EXPRESI.co, BONTANG – Penutupan Universitas Trunajaya (Unijaya) di Bontang meninggalkan persoalan serius. Selain mahasiswa yang terkatung-katung karena ijazah tak kunjung keluar, lima mantan dosen kampus tersebut kini kembali menempuh jalur hukum. Mereka menuntut hak yang belum dibayarkan oleh pihak yayasan.
Kelima mantan dosen itu adalah Bilher Hutahaean, Raidon Hutahaean, Martopan Abdullah, Bachnur Effendi, dan Rosianton Herlambang. Semuanya pernah menjabat posisi penting dalam struktur kampus Unijaya. Kini mereka menunjuk Dortaty Simanjuntak sebagai kuasa hukum untuk melanjutkan perjuangan lewat kasasi ke Mahkamah Agung (MA).
Gugatan Dosen Ditolak PHI, Lanjut ke Kasasi
Proses hukum sebelumnya telah ditempuh melalui berbagai jalur, dari bipartit dan tripartit yang difasilitasi Dinas Tenaga Kerja (Disnaker), hingga ke Pengadilan Negeri Bontang. Namun saat memasuki Pengadilan Hubungan Industrial (PHI) Samarinda, gugatan mereka dinyatakan tidak bisa dilanjutkan karena status dosen dianggap bukan tenaga kerja berdasarkan Undang-Undang Ketenagakerjaan.
“PHI menyatakan tidak berwenang mengadili perkara ini. Padahal yang kami gugat adalah hak normatif seperti gaji dan tunjangan yang belum dibayarkan,” jelas Dortaty dalam konferensi pers, Rabu (25/6/2025) kemarin.
Kini, berkas kasasi telah dikirim ke Mahkamah Agung sejak 8 Februari 2025. Namun, proses belum berjalan karena nomor registrasi perkara dari MA masih menunggu diterbitkan.
Bukti Kuat dan Keyakinan Menang
Tim kuasa hukum melampirkan 35 dokumen bukti, termasuk notulen rapat, anjuran Disnaker, dan dokumen personal dari para dosen. Dortaty yakin, bukti-bukti tersebut cukup kuat untuk memperjuangkan hak-hak mantan dosen di tingkat kasasi.

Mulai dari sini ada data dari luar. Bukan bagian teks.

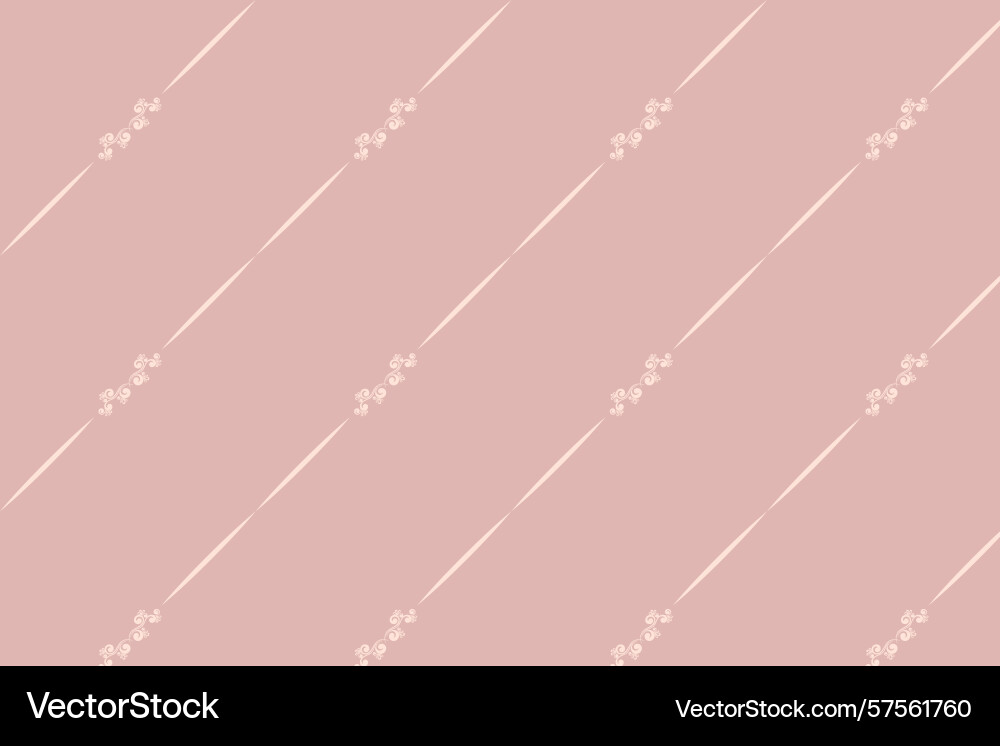 Elegant repeating pattern design showcasing Elegant repeating pattern design showcasing vector image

Menurutnya, meski PHI menolak perkara dengan alasan formal, dosen tetap memiliki unsur hubungan kerja karena menerima gaji dan berada dalam struktur organisasi yayasan. Dasar hukum yang digunakan adalah Undang-Undang Nomor 13 Tahun 2003 tentang Ketenagakerjaan.
“Kami tetap optimistis Mahkamah Agung akan menerima dan mengabulkan kasasi ini,” tambahnya.
Mahasiswa Juga Dirugikan, Diduga Ada Pungli
Tak hanya dosen, mahasiswa juga menjadi korban. Bilher Hutahaean mengungkap adanya dugaan pungutan liar (pungli) yang dilakukan yayasan. Sejumlah mahasiswa diminta membayar untuk ujian, yudisium, dan wisuda, namun diminta lagi dengan alasan serupa.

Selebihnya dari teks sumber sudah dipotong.